Where this gets you something real
Generative UI is most valuable when one of three things is true:
- Heterogeneous answers. A trip-planning agent might reply with a place list, an itinerary, a budget breakdown, a weather card - depending entirely on what the user asked. Hardcoding "always show X" wastes screen space when X isn't relevant.
- Composition matters. "Top three restaurants AND a price-vs-rating scatter plot AND a map" is one reply with three viz payloads. The model decides the combination; you don't pre-design every possible permutation.
- Iteration speed. Adding a new card type goes from "design + proto change + backend deploy + frontend deploy" to "design + Vue file + registry entry + prompt update." Days to hours.

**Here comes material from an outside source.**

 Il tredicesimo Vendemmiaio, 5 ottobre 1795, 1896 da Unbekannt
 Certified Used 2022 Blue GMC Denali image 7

Where this is the wrong tool
Equally important - when generative UI is overkill or actively harmful:
- Forms / data entry. If the user is filling something in, do not let the model design it. The form is your contract; designing it on every render breaks user muscle memory and causes a11y nightmares.
- Brand-critical surfaces. Marketing pages, checkout flows, anything where consistency drives trust. The model is allowed to choose between approved cards; not between "a button" and "a button plus a dancing emoji."
- Single-shape answers. If the agent only ever returns one viz type, you've built a JSON-mode tool, not generative UI. Skip the indirection - just call your component directly with the structured output.
The honest trade-offs
Two real costs nobody mentions until they ship the second card:
- The system prompt grows. Each registered viz type adds 1-3 lines to the prompt (name + when to use + schema). At 20 cards you've burned a few hundred tokens on every turn. Worth it; not free.
- The model needs to understand the cards. A card called
chartwith no further description gets misused.place_card_grid - list of nearby restaurants/hotels with rating + photo, USE for "find me places" type questions, NOT for individual lookupspicks itself correctly. Spend the time on the descriptions.
Generative UI is the natural next layer up from MCP tools. Tools let the model do things. Generative UI lets it show things. Together - and especially over A2A, where the viz payload is just another kind of artifact in the streaming response - you stop building chatbots and start building products that happen to be driven by an LLM.